Y así, entre recuerdos y anécdotas, confiesa que hay otra talla que ya no le importa, aunque no debiera de ser así. Por estos tiempos se dedica a la captura de camarón, como principal actividad, “porque deja un poco más de centavos”, y en verdad son centavos: los compradores del crustáceo se lo pagan a 10 pesos el kilo y va parejo el pesaje, sin importar que la calidad es exactamente la misma que la del marisco que en los autoservicios cuesta 350 pesos el kilo. Sólo cuando la talla es menor de 9 centímetros no se lo reciben.
La suspicacia en la charla, al cobijo del ciruelo desgreñado agobiado por los 38 grados de temperatura ambiental, aflora la broma espontánea: “te estás hincando de billetes, esa laguna hierve de camarones”. Pero no hay risas de respuesta, sólo un gesto áspero de encabronamiento mal disimulado, para soltar una respuesta seria y seca.
“A la mejor eso fue hace años. Ora, cuando hay buena pesca sacamos cuatro o cinco kilos en todo el pinche día, pero a veces ni eso”.
Y aunque hirviera de camarones la laguna de San Fernando, definitivamente para el anónimo, por decisión propia, pescador nunca sería esa fortuna; su cayuco es tan viejo y remedado como él mismo, incapaz de cargar más de 20 kilos de camarón y las artes de pesca.

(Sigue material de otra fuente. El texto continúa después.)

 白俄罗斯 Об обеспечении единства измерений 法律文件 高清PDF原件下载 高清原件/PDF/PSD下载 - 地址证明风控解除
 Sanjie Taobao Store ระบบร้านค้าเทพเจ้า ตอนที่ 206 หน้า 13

El sexagenario pescador, así nada más de repente, suelta un comentario que le sale de los entresijos: “valdría más si ordeñara y vendiera leche” y clava por largo rato su atención en las vacas flacas por la sequía, refugiadas en el galerón que alguna vez fue sala de ordeña de muy baja escala, cuando la leche valía y había quien la comprara. El comentario fue como indirecta para su hijo, por haberlo querido charrear con el hervidero de camarones.
Y en este 1 de junio, precisamente, en esta fecha se celebra el Día Mundial de la Leche, festejo al que de acuerdo a información de la FAO, cada año se suman más países, porque permite centrar la atención del planeta en todo lo relacionado con el lácteo de propiedades fundamentales para una sana alimentación y satisfactorio desarrollo de las capacidades humanas.
Alimento, además, de difícil acceso por sus altos precios y de consumo cada vez más restringido, solo para sectores de la sociedad de ingresos medios y altos; el otro, aquel de salario mínimo lo conoce en los grandes anuncios de competencia por el mercado lácteo de las empresas monopolizadoras de éste.
El caso es que celebrar la vía láctea no subsana el hambre y la desnutrición de 900 millones de seres humanos en el planeta, y en el caso de México, al menos 15 millones de personas que no tienen acceso a este alimento, como el viejo pescador de la laguna de San Fernando.